Thursday, August 28, 2014

Seasons

Children are the timekeepers, the pacesetters.

They own the rhythm; we rent.

I finally figured this out a couple of weeks ago, by my children's absence. They're out of school now — out of college — and far away from when we had to manage their comings and goings, to schedule and compromise and drive and correct and helicopter and fret over them.

Our daughter's home for a while, but she'll be gone again in time.

Before she came home for a spell, I noticed how out of rhythm I am.

It was a particular morning, after so many mornings of warm quiet, that became noise and fume and bustle as our dog and I started our daily stroll. Our street, with its comfortable fit of cars, became clogged like a ballpark lot, even at the corners.

Oh: School!

It came on me without warning, not that I was looking. Parents at the school nearby for some reason feel need to drive their children to school for the first couple of weeks, then quickly relax their vigilant chauffeuring. But the streets are now suddenly filled with more cars most times of the day, parents executing the many errands and obligations that school requires.
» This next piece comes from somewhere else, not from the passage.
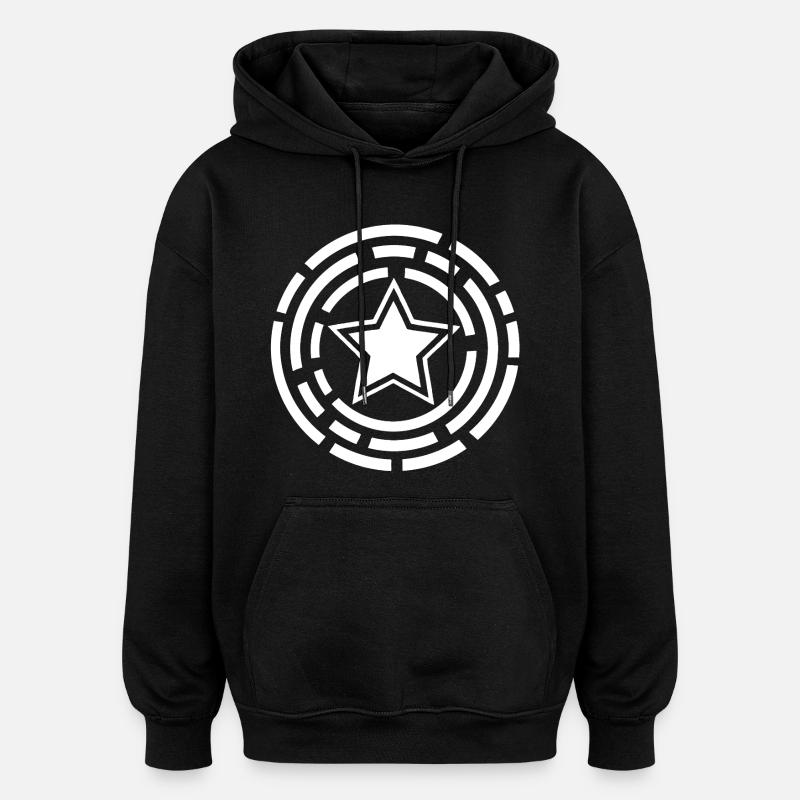 étoile blanche - Sweat à capuche oversize unisexe - noir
Long ago I'd know that day, know it for a month and a half, awaiting it, planning for it, buying for it, arguing over it, maybe looking forward to it. But I knew it, knew it very well.

No more.

Now I lose track of time, sometimes even of days of the week. There is the hot time, then the cool time, then the brief green time. When I swim there is the gray time of cold water, and the washed out lengthy time of warming water.

I'm a rather milky Meriwether Lewis, unable to mark time's passage by the seasons, by the changing arc of the sun or subset of stars.
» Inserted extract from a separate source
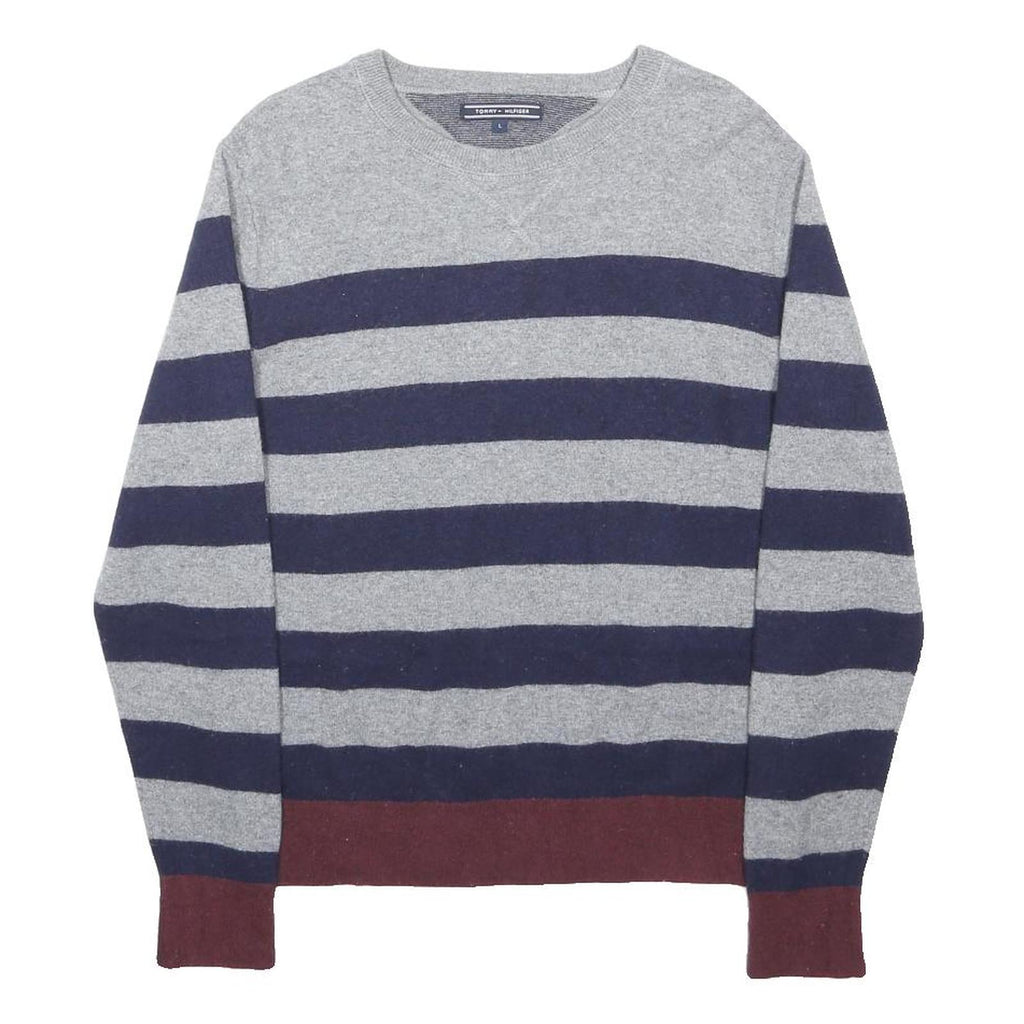 TOMMY HILFIGER Mens Grey & Navy Blue Striped Jumper Crew Neck Basic Knit L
Though grossly unbalanced and jarring, the children's rule of time works. It is the way.

Even if it breaks your heart. When I was briefly a teacher,  I realized the gut-punch kids suffer, especially here in the Sacramento area. School starts at a temperate time, the hot summer seeming to have finally weakened its oppressive hold. But it's a trick. About two weeks in, the sun swoops to within a couple of miles of earth and children and their teachers melt, feeling itchy and cheated.

Too late, and to my horror, I realized that as I teacher I had to know the seasons. Not only know them, but plan and make ready for holidays — all of them, to revel in them, even Father's Day and the Fourth of July! — for the sake of the children.

I'm not a holiday person. This required the most of my meager acting and organizational skills.

For the sake of children, we are all right with summer happening in early June and ending in the hottest heat. We take it for granted that fall is a hot dry time with a superfluous dropping of leaves at the very end.

For children, we see the Fourth of July as the top of the roller coaster, roaring downhill to the end of the ride, everybody out, fun's over.

Now summers no longer necessitate vacations, nor winters hunkering down. They're interchangeable save for clothes. Seasons are whittled down to two, summer and winter; I know by whether a wool beanie is on my head and hot cocoa in my hand which is which.

Maybe that's why the Hallmark®© Channel exists, to remind wayward adults of the signposts. Having cards and trinkets to sell, Hallmark©™ rolls out its teary, cheery shows to herald the coming holidays and restore our vital need to buy our childhood back.

It's a service for the out-of-whack.

Not for me. I've got to grow up now, as an unfettered adult. Time to keep my own time.